Wichtigster Punkt bei der Umsetzung der geringfügigen Beschäftigung sind die sogenannten Minijobs bis zu einer Höhe von 400 Euro. Auf die zahlt der Arbeitgeber eine 25ige Pauschale, dafür wurde aber gleich geregelt, dass die 15- Stunden-Grenze nicht mehr gilt. Minijobs werden künftig auch als Nebenerwerbstätigkeit gemacht werden. Wie das zu mehr Beschäftigung und Arbeitsplätzen führen soll, ist nicht zu erkennen. Sicher werden viele sozialversicherungspflichtige Jobs in Nebenerwerbstätigkeiten umgewandelt werden. Nicht verändert worden ist die Sonderregelung für sogenannte haushaltsnahe Dienstleistungen, bei der eine 12 % Pauschale gilt, 5 % für die Rentenversicherung, 5 % für die Krankenversicherung und zwei % für die Lohnsteuer. Diese Regelungen forcieren nicht nur eine Ausweitung des Niedriglohnsektors, sie bedingen auch eine Schlechterstellung dieses Personenkreises im Alter. Die Bundesregierung hat Midi-Jobs eingeführt, ein Zugeständnis an die Opposition. Das sind Jobs mit 400 bis 800 Euro Entgelt. Das besondere daran ist, dass zwar der Arbeitgeber den vollen Sozialversicherungsanteil zahlen soll, der Arbeitnehmer aber gestaffelte Beiträge. Das beginnt mit 4 % ( was bedeutet das für die Altersversorgung?) und endet beim vollen Sozialversicherungsanteil.
Interessant ist, was bisher noch nicht von den Vorschlägen der Hartz- Kommission umgesetzt wurde.

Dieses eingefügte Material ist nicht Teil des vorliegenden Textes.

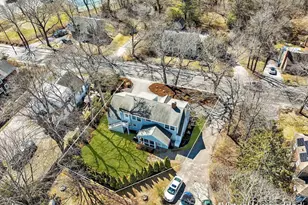 70 Lakeview Ave, Falmouth, MA 02540 - Photo 10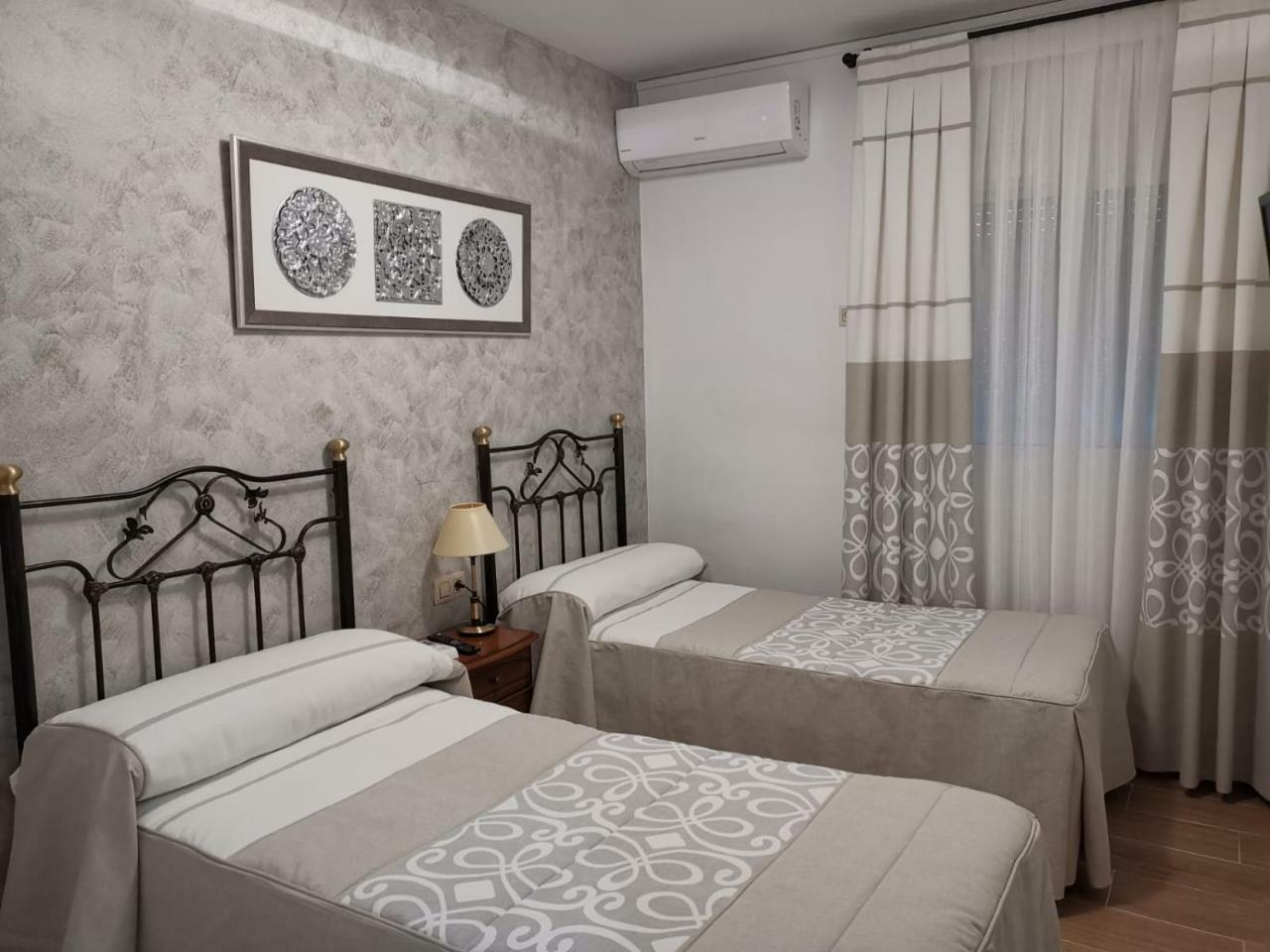 Hostal El Sevillano Rus Exterior photo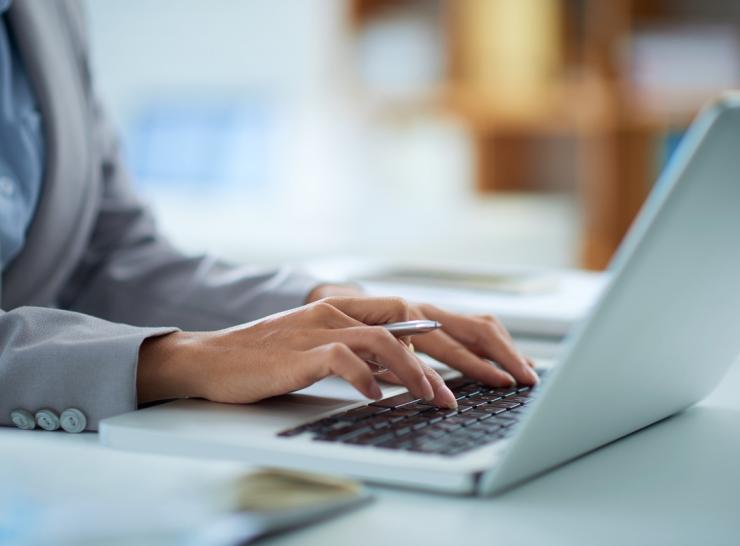 NVSC prašymas: gavę teigiamą tyrimo rezultatą nelaukite epidemiologų skambučio, patys pateikite reikalingą informaciją internetu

Schmithenner resümierte, dass alles, was noch am ehesten dazu führen würde, Arbeitslose besser zu betreuen und schneller vermitteln zu können, bisher in den Gesetzen nicht umgesetzt worden ist. Übrig geblieben und verwirklicht werden Leistungskürzungen und die Verschärfung der Zumutbarkeitsregeln. Notwendig wäre neben einer geänderten Arbeitsmarktpolitik eine auf mehr Beschäftigung gerichtete Finanz- Wirtschafts- und Strukturpolitik. Doch davon sei in der Politik von Rot/Grün nichts zu spüren. Arbeitsmarktpolitische Alternativen, die wirklich relevant für Arbeitsplätze sind, gebe es seit langem. Der Redner führte u. a, das Neuwieder Modell an, in dem in diesem kleinen Arbeitsamtsbezirk innerhalb einiger Jahre durch Abbau von Überstunden allein 1000 Beschäftigungsverhältnisse neu begründet worden waren. Er nannte auch den niedersächsischen Beschäftigungsförderungstarifvertrag, der Arbeitnehmer fördert, die befristet in Teilzeit gehen, wenn hierdurch Arbeitsplätze mit Arbeitslosen neu besetzt werden können. Von solchen schon erfolgreich ausprobierten Möglichkeiten zu mehr Beschäftigung zu kommen, fände man in den Hartz- Gesetzen nichts. Man kann sicher davon ausgehen, dass der Niedersachse Peter Hartz diesen Beschäftigungsförderungstarifvertrag seines Landes kennt und dass seine Kommission sich ganz bewusst dafür entschieden hat, auf solche Maßnahmen der Arbeitsumverteilung, die zusätzliche Arbeitsplätze schafft, zu verzichten. Das wäre angesichts der Forderung, auch im Osten die 35-Stunden-Woche einzuführen, eine allzu viel sinnvolle Hilfe gewesen.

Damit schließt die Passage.